屈んだまま振り返るりつ子の視線の先で、早々に二皿目を片付けた蛇川が亭主と山岡を相手に莫迦話をふっかけている。
「いや、まいった。空腹で目が回るとは。危うく倒れるところだった。しかし、定期的に飯を食わねばならんという身も不便なものだ。腹にもう一つ袋を作って、食い溜めしておけるようになればいいんだが」
「牛には胃袋が四つあると聞く」
「へえーっ、そりゃたまげた! 亭主は物知りだなあ」
「いいや甘いね。牛の胃袋は食い溜めのためにあるんじゃない、草をすっかり消化するのに何度も胃や口を行き来させるためにあるのだ。
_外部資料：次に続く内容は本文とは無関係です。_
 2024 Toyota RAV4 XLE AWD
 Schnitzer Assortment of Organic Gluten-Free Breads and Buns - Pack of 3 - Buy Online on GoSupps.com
これを反芻という。ここまで知ってこそ知識だ。僕が言う袋というのはだな……」
「弁当という便利な文化がある」
「いやまったく」と山岡が両手に持った箸でチョンチョンと猪口を打つ。「骨董屋は存外物を知らんなあ」
どうやら酒を飲んで気が大きくなっているらしい。
無論、それで黙っている蛇川ではない。
「おい、助平巡査。酒など飲んでいる場合かね。ご内儀を余計に怒らせるのではないか」
「おうおう、骨董ヤクザよ。その件ならもう昨夜のうちに……ケッヘッヘ」と山岡が立ち上がり、胸を張って敬礼すると、
「男山岡、男の袋を空にするまで当家の姫君を抱きに抱きまくりまして、無事! 姫の怒気鎮圧に成功した次第であります」
「よろしい。蹴り出そう、不愉快だ。亭主も異論あるまい」
勢いよく立ち上がったそのズボンと革靴に、泥と一緒に猫の毛がたくさんこびり付いているのを。
何より、上衣の背に泥でくっきりと猫の足型が付けられているのを認め、りつ子の顔が綻んだ。
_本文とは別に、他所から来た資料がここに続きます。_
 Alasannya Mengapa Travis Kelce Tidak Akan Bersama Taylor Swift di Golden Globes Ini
余計なことばかり言うくせ肝心なことは黙っている蛇川が、実は彼が自認するほど人嫌いではないということは、『いわた』常連客でさえほとんど知らない。だけどりつ子は知っている。物言いは苛烈であるが、その奥底にはほんの少し温かさがあって、それが時折、いや、ごく稀にではあるが、彼の身近な人々にそっと向けられていることも。
「……ね、ね、蛇川さん。小さいけど、氷がちょっぴり残ってるの。擦ってあげましょうか」
「はあ? いらん。僕は甘い物は好かんのだ」
「りっちゃぁん、本官におくれよう」
最後にもう一度ミケの頭を撫でて立ち上がったりつ子が、割烹着の裾で手を拭う。そのまま黙って蛇川を見つめたまま頑張っていると、ついに根負けしたか、大きなため息が返ってきた。
「……手はよく洗えよ」
りつ子の顔が満足げな笑みで彩られる。
やがて、仏頂面の蛇川の耳を、氷がおろし金に当たる爽やかな音がくすぐり始めた。何やらその音も常より少し弾んでいるような。
すっかり空になった椀を舐め舐め、小首を傾げたミケが、不思議そうにその様子を見守っている。